Related Characters: Luke Garner, Jen Talbot/The Girl
Page Number: 94
Explanation and Analysis:
Chapter 21 Quotes

“When I was little, Mom used to take me to a play group that was all third children,” Jen said. She giggled. “The thing was, it was all Government officials’ kids. I think some of the parents didn’t even like kids—they just thought it was a status symbol to break the Population Law and get away with it.”

Related Characters: Jen Talbot/The Girl (speaker), Luke Garner, Mother, Jen’s Mom
Page Number: 102
Explanation and Analysis:
Chapter 28 Quotes

“Before [the famines], our country believed in freedom and democracy and equality for all. Then the famines came, and the government was overthrown. There were riots in every city, over food, and many, many people were killed. When General Sherwood came to power, he promised law and order and food for all. By then, that was all the people wanted. And all they got.”

Luke squinted, trying to understand. This was grown-up talk, pure and simple.

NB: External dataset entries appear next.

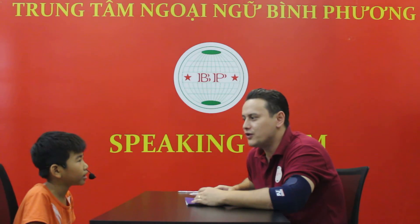Everyone, this is Bean, at least having a speaking task. Bean, look at the camera, say hello. Hello. Good job. Bean, where are you from? I'm from Vietnam. Are you from Vietnam? Yeah, I am. Good job.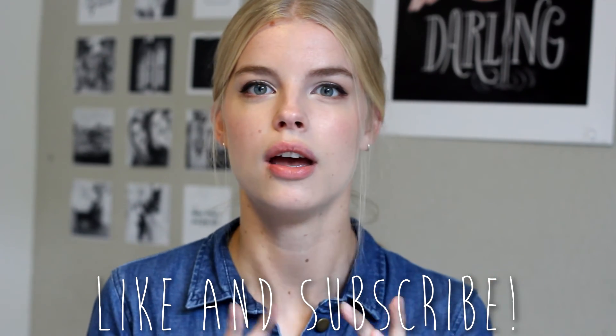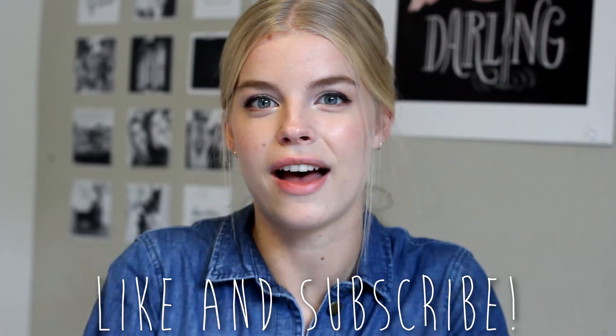So that's everything I got from Primark. If I buy more I might do another haul or I'll show you in vlogs or something. But for now this is all I got and I hope you enjoyed this video. I'll see you soon. Bye.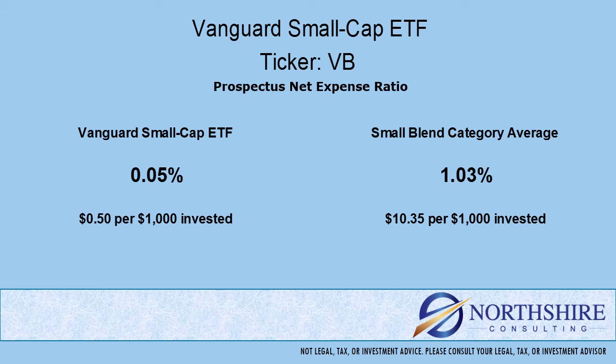We always talk about expenses when we do our fund reviews. The expense ratio is taken from the return that the portfolio produces — it's internal, meaning you don't necessarily see it; it comes out in the returns. We need a point of reference when we compare these expenses, so we use the category average. As you can see here, the expense ratio is significantly lower than the category average.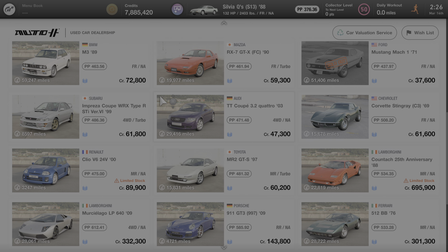Hello everyone and welcome to another edition of All About the Cars of Gran Turismo 7. In this video we're going to learn all about the 2003 Audi TT Coupe 3.2 Quattro.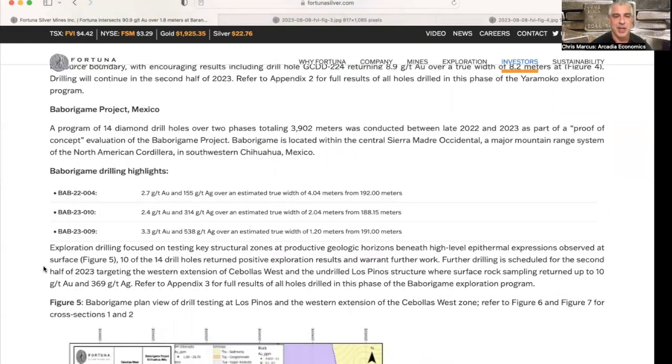Lastly, at the Babarigami project in Mexico, 14 diamond drill holes were done over two phases totaling 3,900 meters as a proof-of-concept evaluation of the project. Results include 2.7 grams per ton gold and 155 grams per ton silver over a true width of 4.04 meters from 192 meters; 2.4 grams gold and 314 grams silver over a true width of 2.04 meters from 188 meters; and 3.3 grams per ton gold and 538 grams per ton silver over 1.2 meters from 191 meters. Exploration drilling was focused on testing key structural zones beneath the high-level epithermal expressions observed on surface, with 10 of the 14 holes returning positive results that warrant further work.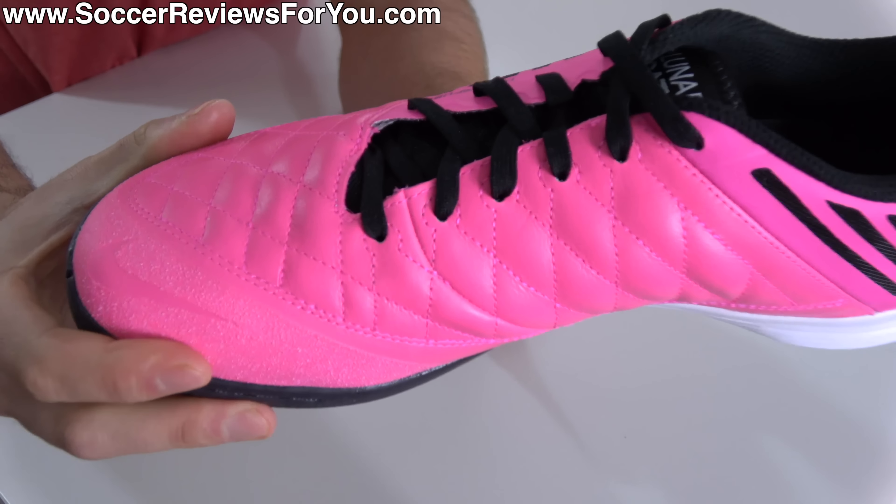As for the React Gato, it definitely stands out as being the most different from the other two in terms of fit and feel. Not having a leather upper, it's thinner and also has much more of a sock-like sensation — there's just more pliability to this material, certainly out of the box.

Related Characters: George Talbot/Jen’s Dad (speaker), Luke Garner, General Sherwood
Page Number: 135
Explanation and Analysis:

Luke felt a strange sense of relief, that it wasn’t truly wrong for him to exist, just illegal. For the first time since he’d read the Government books, he could see the two things being separate.

Related Characters: Luke Garner, George Talbot/Jen’s Dad
Page Number: 137
Explanation and Analysis:
Chapter 29 Quotes

Maybe he could succeed where Jen had failed precisely because he wasn’t a Baron—because he didn’t have her sense that the world owed him everything. He could be more patient, more cautious, more practical.

But he’d never be able to do anything staying in hiding.

[…]

I want a fake I.D. Please.

Related Characters: Luke Garner, Jen Talbot/The Girl
Page Number: 146
Explanation and Analysis:
Chapter 30 Quotes

Luke could tell his father’s words came out painfully, but they still stabbed at him. Maybe part of him had been secretly hoping his parents would forbid him to go, would lock him in the attic and keep him as their little boy forever.